January 30, 2025

Putting the "Portable" into documents

8 minutes

When PDF was introduced in 1993, one of the most persistent problems in

mainstream computing was that reliably publishing documents (either literally

via printing, or simply electronically distributing them for others to view) was

hard.

There were a lot of hurdles:

Simply moving a document (whether an office document, Postscript file, or

something else) from one computer to another could result in an unreadable or

unpleasant display.

Printers (from consumer models up to high-end

typesetters) each had their own proprietary formats and requirements.

Many document formats were tied to a single vendor, or a

single operating system.

One of PDF's initial design criteria and fundamental promises was to address

this family of problems, so that one could distribute and use documents with any

display, any operating system, and any print device, with confidence that the

result would remain faithful to the author's intent. This was such a pressing,

unmet concern that it gave the file type its name: the Portable Document

Format. Let's talk about how that portability is accomplished.

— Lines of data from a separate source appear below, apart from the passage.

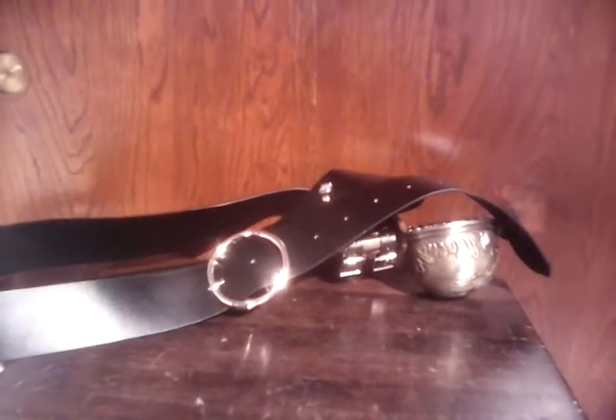Hello everyone, this is TuffGuyMV101. Today I'm going to be doing a review of a pirate belt hanger. Sorry I haven't been making videos — basically been busy with school and everything, and it takes time.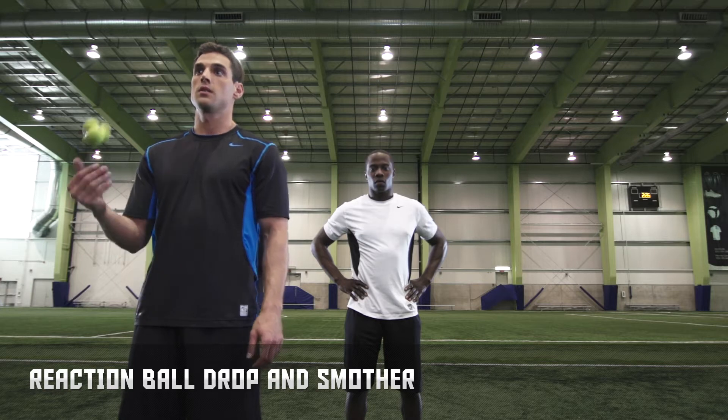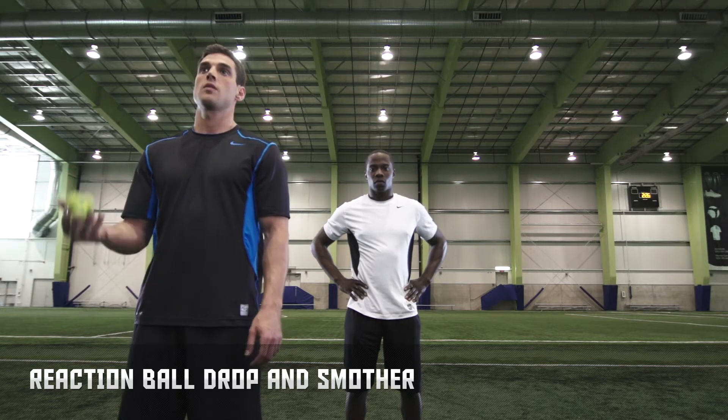Reaction ball drop and smother. This drill requires a spark reaction ball.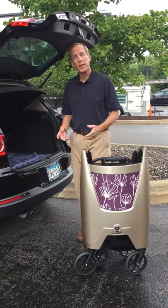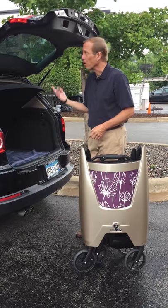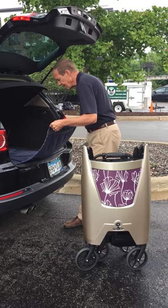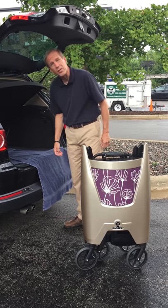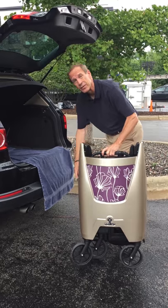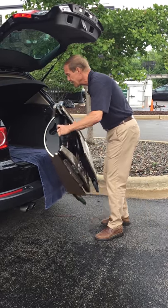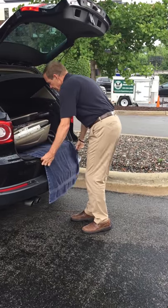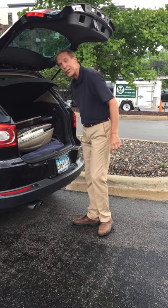When I transport the Tour into the trunk of my car, or a small SUV, I like to use a blanket or a towel. I leave it in there, and then I fold the bottom half just over the bumper so I don't get my slacks or pants dirty. Then, when I have the Tour, I simply lean it up against that and slide it right in. Good to go.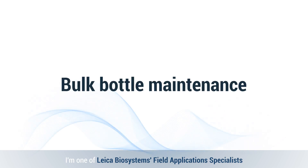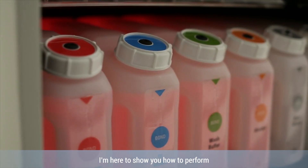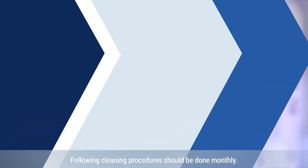Hello, I'm one of the Leica Biosystems field application specialists for advanced staining. I'm here to show you how to perform bulk maintenance on your bond system. The following cleaning procedures should be done monthly.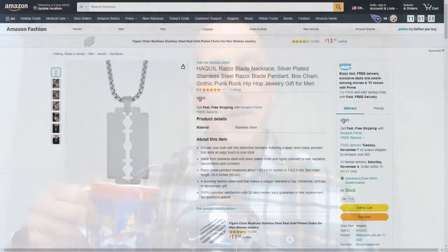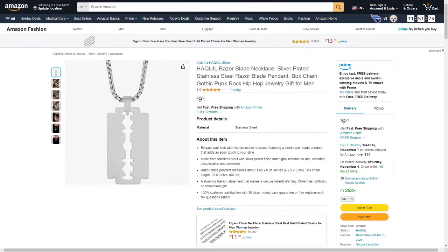Viewer Bob Laro very kindly sent along the following: 'Not for me, but maybe someone watching Monday Morning Mailbag will like this.' He sent a link to the Hawkwell Razor Blade Necklace - a silver plated stainless steel razor blade pendant for $9.99. That's a really neat, unique gift for the wet shaver in your life - maybe even a stocking stuffer for the Christmas season. Thanks very much Bob, really do appreciate it. We'll have a link below.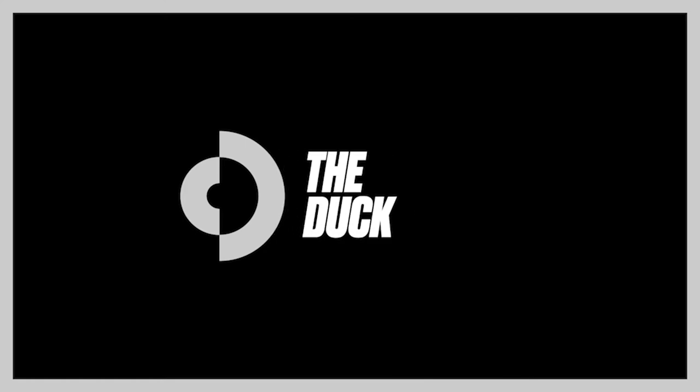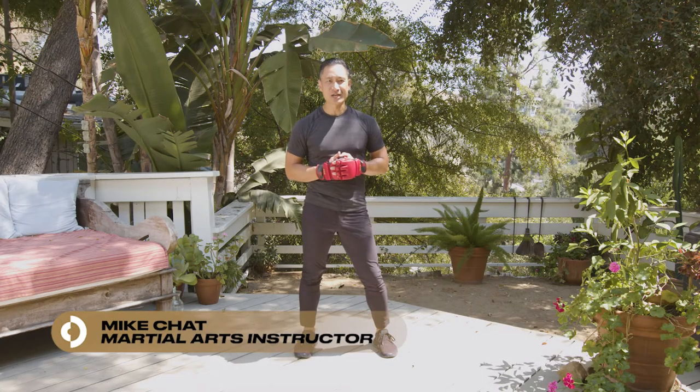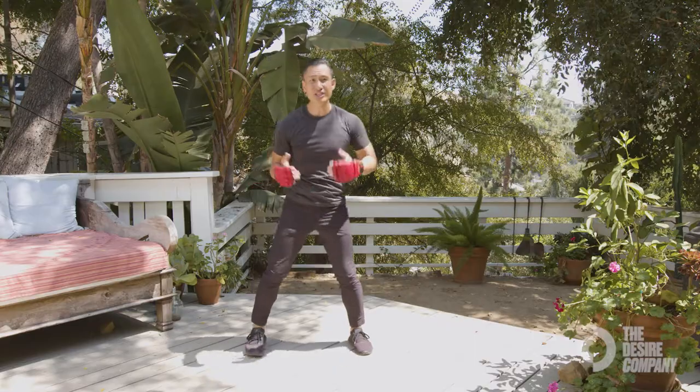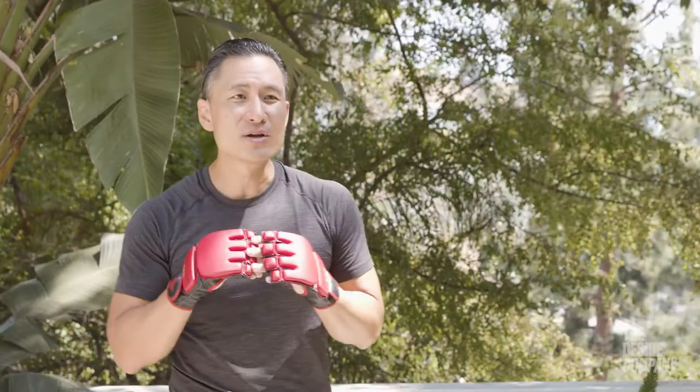Hi, I'm Mike Jack, martial arts instructor and action director. Let's check out the duck. A traditional duck might just be straight down. A bob and weave is where you bob and you might go to the side.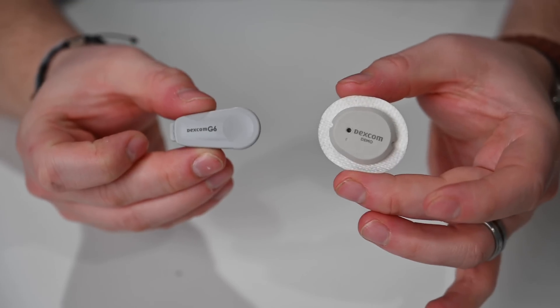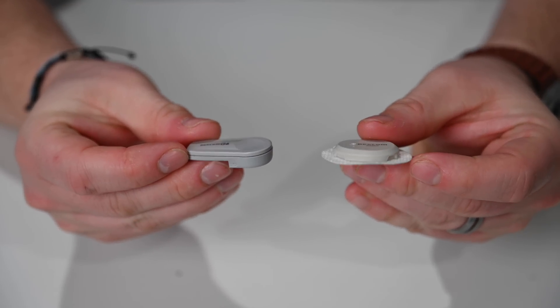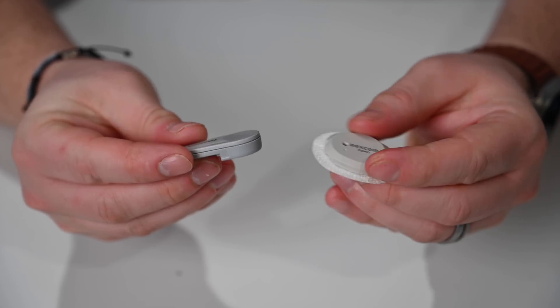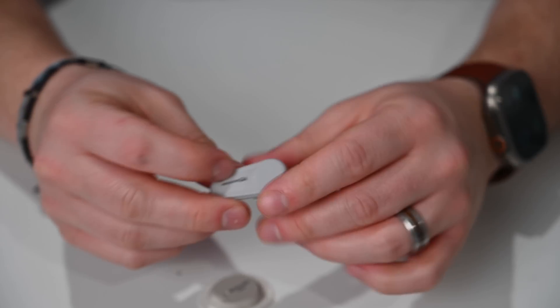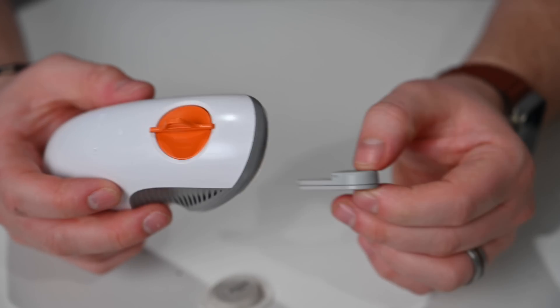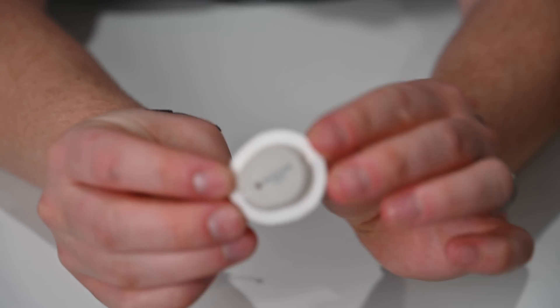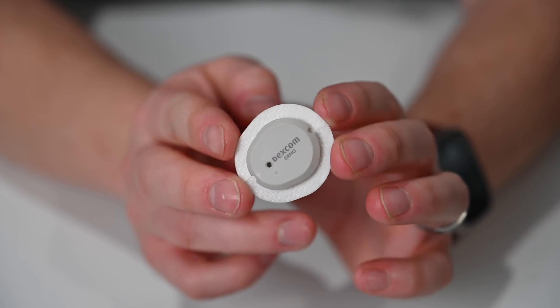Let's take a look at the G7 alongside the G6. Dexcom says the G7 is 60% smaller than the G6. Looking at the pieces side by side, it's a little misleading because the G6 doesn't look much different in terms of overall volume — but that's because the G7 is an all-in-one piece. This is everything you need: the adhesive, the transmitter, the sensor — all in one little piece that gets disposed of after your 10-day wear time.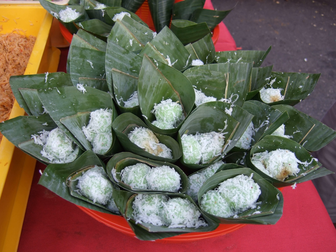Klepon is a traditional green-colored ball of rice cake filled with liquid palm sugar and coated in grated coconut. The sweet glutinous rice ball is one of the popular Indonesian kue, and it is commonly found in Indonesia, Malaysia, Brunei, and Singapore.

Documents are heterogeneous…

Most document formats focus on text: oftentimes its logical structure, sometimes

some aspects of its appearance, and occasionally some metadata. However, for

a document to be faithfully rendered away from its author's computer, a host of

other data is needed: fonts, images (if any), vector graphics, essential

auxillary data, and so on. Documents are definitionally heterogeneous, and

missing any part of a document's data or dependencies can render it useless.

The way that web content handles this is by referring to these external data,

with the expectation that browsers will fetch and integrate them appropriately.

This is how most non-PDF document formats are also structured: for example,

Postscript files, PDF's predecessor, refer to fonts and images in a similar way

as HTML (though using names and sometimes hard-coded relative file paths instead

of URLs), and those resources have to be carried around alongside the

document(s) that refer to them. But if a Postscript or HTML file refers to some

resources that aren't available or have moved unexpectedly, the document's

rendering will be fundamentally broken.

…so every PDF carries what it needs

PDF's solution to this problem is to avoid referring to external resources

entirely1. Instead, PDF documents are self-contained: all of the data

needed to render the document is included, from fonts to images to metadata to

interactive elements and auxiliary data. Satisfying this most basic premise —

knowing that a document's resources would always travel with it — clears the

lowest bar of portability.

Next time, I'll talk about the (very cool) fundamental structures within every

PDF document, and how they are designed to support including all of these

disparate data types and resources in a single container file.

Rendering documents to different devices is hard…

At the time of PDF's introduction, document rendering was done in a bespoke way

by each individual application, and often was tied to the particular operating

system and output device being targeted. That is, a word processing program

would need to use a completely different rendering approach when rendering to a

display on Windows vs. a display on a Mac vs. sending a document to a printer.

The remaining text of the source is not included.